The rest of your complaints, "shitty drivers", "piss-poor memory handling" and "worse performance per watt" are also bogus. I own or manage machines using a large number of Nvidia and AMD video cards, and have seen as many driver issues between the two that neither has come out worse. This is a typical fanboy stereotype that keeps being repeated with no real fact behind it.

Your second complaint is seen a lot in programming forums, but I have never seen anyone do a proper write up of any memory issues with any of AMD's generations and most of the conversations lead me to believe it was an issue of the programmer's personal preference not wanting to learn a second platform with less market share than an actual technical issue. Most of these issues would be alleviate if the programmer would just use a common optimized library and stop trying to redo the work themselves.

Lastly, AMD's offerings have historically produce more performance per watt and their latest offerings continue that trend. This, besides the bit shift ability you mention, is also one reason why AMD was used for Bitcoin mining and supercomputers.

http://www.tomshardware.com/re...
http://www.green500.org/news/g...

Now, my latest personal computer has an Nvidia GeForce GTX 980 inside because I more often need to fix CUDA code and noticed some of the games I wanted to play ran better on it (again, from the game designer's preference and not a technical merit). I personally own eight other video cards across AMD, Nvidia and Matrox (who use AMD GPUs these days) and three generations for testing.

And I am only sticking up for AMD because I admire their push to get people to code for multi-core better. Nvidia has been too conciliatory in the last six years in that respect, which is fine for their revenue stream and market share but not a good thing in the big picture for the broader computer industry. Since Moore's law has begun to slow, we are going to need a massive shift to multi-core optimized applications and we need programmers ready for that day.

AMD seems to be ready with the tough love to get everyone there while Nvidia keeps enabling bad behaviors.

Comment Re:Might as well have the doomsday popomatic (Score 1) 145

I agree. Several of the moves seem completely political and not realistic. For instance, the fall of the USSR should not have been seen as such a positive development for world safety. The army in Russia was severely underfunded up to and for much of the decade after the USSR dissolved, meaning the likelihood of a nuclear warhead being stolen and sold was significantly more realistic. Or worse, a rogue general going ballistic about the union breaking up.

Comment Re:Am I missing the point? (Score 2) 124

No, they literally copied over the LAN and are intentionally being vague to throw people off that fact. The original Sync blog post did not use Sync across the Internet but the Venturebeat author did disclose sharing across the Internet and stated:

"The transfer process was much longer. Times were in the double digit minutes, and largely depended on what connections my friends had."

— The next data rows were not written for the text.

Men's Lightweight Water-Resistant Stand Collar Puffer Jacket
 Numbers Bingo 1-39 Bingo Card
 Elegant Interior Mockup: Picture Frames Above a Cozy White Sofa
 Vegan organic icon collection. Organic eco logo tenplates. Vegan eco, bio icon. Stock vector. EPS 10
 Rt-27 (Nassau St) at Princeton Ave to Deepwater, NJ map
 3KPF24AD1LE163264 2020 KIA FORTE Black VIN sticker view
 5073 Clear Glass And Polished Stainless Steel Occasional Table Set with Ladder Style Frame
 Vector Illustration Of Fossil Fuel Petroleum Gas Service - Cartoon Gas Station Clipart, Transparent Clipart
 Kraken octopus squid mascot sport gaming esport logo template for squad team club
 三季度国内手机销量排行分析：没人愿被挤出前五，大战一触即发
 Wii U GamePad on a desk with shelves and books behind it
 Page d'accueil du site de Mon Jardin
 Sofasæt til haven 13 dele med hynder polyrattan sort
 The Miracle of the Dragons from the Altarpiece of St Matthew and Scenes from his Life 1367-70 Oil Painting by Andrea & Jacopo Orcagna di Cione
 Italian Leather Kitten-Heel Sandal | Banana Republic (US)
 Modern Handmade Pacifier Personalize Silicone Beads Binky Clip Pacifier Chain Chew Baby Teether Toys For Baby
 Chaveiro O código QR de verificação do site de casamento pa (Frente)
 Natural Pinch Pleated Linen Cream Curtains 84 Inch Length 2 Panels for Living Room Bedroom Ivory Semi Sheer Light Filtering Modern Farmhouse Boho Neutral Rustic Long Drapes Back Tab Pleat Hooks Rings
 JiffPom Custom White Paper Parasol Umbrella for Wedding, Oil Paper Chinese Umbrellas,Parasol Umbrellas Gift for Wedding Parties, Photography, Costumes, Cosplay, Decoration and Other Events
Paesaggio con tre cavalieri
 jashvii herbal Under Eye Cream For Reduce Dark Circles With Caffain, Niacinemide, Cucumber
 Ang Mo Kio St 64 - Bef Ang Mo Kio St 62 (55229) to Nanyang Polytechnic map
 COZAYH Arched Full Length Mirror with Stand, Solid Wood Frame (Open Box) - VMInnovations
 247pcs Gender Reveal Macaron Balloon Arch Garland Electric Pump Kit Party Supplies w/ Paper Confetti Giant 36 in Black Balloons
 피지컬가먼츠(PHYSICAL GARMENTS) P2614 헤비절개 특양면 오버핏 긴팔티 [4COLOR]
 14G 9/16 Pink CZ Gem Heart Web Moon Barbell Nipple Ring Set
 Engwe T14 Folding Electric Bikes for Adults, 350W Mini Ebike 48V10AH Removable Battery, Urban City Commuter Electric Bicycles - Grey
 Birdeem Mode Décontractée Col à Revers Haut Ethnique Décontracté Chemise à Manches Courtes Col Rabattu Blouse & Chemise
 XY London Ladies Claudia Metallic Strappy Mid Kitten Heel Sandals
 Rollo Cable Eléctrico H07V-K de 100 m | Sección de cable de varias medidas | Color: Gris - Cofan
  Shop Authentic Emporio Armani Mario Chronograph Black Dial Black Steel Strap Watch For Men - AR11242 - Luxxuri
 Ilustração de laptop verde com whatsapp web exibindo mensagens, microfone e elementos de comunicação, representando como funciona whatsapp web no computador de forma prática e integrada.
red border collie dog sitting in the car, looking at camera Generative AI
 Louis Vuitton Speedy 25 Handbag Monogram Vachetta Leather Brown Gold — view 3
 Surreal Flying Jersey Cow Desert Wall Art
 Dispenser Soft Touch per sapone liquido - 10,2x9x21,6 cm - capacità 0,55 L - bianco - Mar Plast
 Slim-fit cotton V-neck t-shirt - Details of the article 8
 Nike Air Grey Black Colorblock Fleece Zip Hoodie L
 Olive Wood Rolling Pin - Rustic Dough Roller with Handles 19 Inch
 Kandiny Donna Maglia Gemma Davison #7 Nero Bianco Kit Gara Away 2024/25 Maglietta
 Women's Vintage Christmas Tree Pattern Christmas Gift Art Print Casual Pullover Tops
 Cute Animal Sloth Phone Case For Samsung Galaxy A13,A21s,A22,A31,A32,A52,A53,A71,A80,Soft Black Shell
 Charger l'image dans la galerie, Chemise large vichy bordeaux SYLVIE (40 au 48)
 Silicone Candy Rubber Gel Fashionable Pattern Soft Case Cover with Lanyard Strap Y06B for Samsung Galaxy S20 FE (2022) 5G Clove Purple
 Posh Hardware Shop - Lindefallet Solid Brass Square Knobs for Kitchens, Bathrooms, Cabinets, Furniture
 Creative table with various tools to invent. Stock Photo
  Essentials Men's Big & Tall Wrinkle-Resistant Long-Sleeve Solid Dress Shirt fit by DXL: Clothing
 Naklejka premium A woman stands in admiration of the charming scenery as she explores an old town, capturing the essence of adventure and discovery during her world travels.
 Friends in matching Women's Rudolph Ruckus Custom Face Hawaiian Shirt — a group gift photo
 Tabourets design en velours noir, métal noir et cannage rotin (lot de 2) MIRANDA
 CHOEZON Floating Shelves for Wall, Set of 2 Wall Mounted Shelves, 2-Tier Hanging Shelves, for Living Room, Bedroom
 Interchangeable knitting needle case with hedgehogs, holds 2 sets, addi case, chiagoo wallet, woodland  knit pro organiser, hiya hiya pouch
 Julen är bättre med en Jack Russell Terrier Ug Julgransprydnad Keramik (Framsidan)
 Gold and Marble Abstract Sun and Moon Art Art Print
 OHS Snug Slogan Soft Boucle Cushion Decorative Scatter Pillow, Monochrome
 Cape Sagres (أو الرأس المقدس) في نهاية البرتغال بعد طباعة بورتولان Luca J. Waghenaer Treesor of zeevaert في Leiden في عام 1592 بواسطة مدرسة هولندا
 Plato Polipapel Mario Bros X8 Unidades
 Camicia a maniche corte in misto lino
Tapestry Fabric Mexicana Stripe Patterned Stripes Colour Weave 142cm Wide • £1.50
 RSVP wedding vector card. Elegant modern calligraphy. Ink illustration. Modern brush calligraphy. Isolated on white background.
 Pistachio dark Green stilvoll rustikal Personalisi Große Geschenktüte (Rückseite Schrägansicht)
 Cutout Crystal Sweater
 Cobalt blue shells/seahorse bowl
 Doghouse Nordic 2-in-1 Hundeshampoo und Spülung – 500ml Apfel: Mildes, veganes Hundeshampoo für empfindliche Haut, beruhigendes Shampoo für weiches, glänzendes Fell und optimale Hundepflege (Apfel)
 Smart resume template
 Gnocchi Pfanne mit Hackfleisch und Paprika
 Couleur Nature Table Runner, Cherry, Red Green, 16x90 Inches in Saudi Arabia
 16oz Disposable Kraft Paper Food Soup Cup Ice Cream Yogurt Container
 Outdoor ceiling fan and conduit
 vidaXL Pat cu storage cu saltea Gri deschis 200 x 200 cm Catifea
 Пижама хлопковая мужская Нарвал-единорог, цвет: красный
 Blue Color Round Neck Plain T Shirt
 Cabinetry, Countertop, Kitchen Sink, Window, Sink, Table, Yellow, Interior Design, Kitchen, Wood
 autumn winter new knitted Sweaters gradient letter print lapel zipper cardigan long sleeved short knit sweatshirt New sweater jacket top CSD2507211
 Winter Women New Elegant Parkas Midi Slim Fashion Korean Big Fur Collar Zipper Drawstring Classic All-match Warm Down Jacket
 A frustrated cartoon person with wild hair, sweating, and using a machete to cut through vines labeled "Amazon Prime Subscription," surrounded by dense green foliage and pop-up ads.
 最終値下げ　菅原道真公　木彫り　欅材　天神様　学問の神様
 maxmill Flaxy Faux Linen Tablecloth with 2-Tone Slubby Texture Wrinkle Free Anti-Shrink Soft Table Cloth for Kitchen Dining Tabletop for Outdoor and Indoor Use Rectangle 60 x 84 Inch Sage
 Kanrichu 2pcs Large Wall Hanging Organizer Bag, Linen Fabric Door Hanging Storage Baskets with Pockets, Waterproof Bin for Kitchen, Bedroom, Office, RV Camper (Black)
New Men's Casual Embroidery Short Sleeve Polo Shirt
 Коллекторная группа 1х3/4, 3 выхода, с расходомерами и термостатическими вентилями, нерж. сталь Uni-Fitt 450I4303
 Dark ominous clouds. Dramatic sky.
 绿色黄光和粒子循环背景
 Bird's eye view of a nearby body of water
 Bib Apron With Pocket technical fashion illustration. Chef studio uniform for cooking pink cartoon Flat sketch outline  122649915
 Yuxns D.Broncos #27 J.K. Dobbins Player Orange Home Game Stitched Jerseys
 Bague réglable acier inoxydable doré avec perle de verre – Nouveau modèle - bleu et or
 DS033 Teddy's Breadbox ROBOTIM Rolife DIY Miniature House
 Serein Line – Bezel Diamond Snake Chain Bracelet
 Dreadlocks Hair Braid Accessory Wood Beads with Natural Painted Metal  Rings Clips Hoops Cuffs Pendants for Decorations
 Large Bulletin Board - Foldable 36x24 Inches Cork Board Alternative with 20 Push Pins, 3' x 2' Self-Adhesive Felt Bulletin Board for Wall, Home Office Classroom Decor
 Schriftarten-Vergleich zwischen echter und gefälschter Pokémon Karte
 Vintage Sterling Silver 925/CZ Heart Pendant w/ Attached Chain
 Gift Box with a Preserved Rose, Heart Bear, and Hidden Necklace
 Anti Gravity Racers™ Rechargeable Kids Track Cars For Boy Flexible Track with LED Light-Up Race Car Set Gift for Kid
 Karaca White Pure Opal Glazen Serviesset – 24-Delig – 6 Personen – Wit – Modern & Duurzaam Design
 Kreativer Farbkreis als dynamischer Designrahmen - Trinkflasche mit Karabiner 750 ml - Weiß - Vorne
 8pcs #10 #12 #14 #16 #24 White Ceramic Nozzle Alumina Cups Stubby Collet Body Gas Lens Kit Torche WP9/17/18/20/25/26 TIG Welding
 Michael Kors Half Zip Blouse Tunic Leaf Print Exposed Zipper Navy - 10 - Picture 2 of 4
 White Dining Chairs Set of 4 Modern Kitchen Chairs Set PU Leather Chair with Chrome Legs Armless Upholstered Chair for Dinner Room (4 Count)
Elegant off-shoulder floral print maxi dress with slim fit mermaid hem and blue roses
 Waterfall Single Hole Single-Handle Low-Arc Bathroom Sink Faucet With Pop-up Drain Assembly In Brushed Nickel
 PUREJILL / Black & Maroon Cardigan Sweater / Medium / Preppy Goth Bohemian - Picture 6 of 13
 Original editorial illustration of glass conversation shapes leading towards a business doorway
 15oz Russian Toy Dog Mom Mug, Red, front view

In other words, in real-world scenario using the Internet, Bittorrent's Sync was not any faster than the times posted for the other services.

This is a terrible hack job by Bittorrent to spread lies and a horrible job by Venture beat repeating them with no critical thought.

Original Sync Blog post - http://blog.bittorrent.com/201...

Comment Re:Comparing LAN to WAN Speeds (Score 1) 124

a.) Yes, we do because the blog post says as such.
b.) True, and that is why they intentionally nerfed the Dropbox test by creating a new random file to not only avoid "deduplication" as they say, but the LAN Sync being available as well (which they do not admit).